TASK TO COMPLETE:
From top to bottom, write out the listing exactly and skip every picture.

SOURCE DATA:
──────
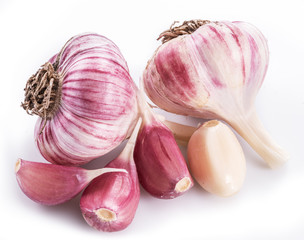 Garlic bulbs and garlic cloves.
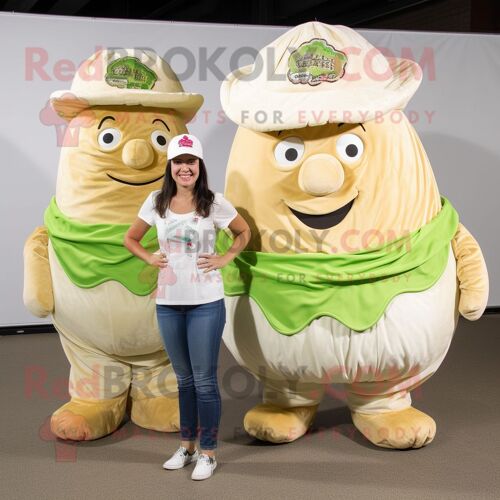 Costume De Mascotte Redbrokoly De Corned Beef And Cabbage Beige Habillé Avec Un Mom Jeans Et Des Chapeaux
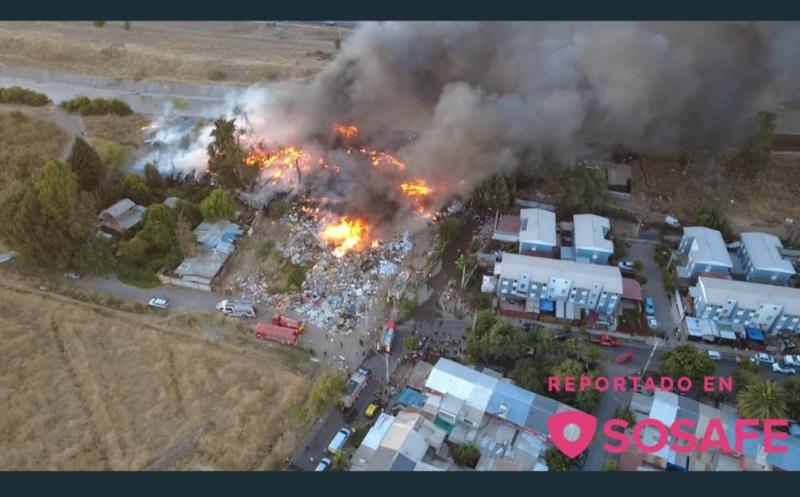 T13 - Incendio en Maipú: Fuego en pastizales se propaga y amenaza viviendas en sectores residenciales | Sofafe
──────
EXERCISE ANSWER:
 Garlic bulbs and garlic cloves.
 Costume De Mascotte Redbrokoly De Corned Beef And Cabbage Beige Habillé Avec Un Mom Jeans Et Des Chapeaux
 T13 - Incendio en Maipú: Fuego en pastizales se propaga y amenaza viviendas en sectores residenciales | Sofafe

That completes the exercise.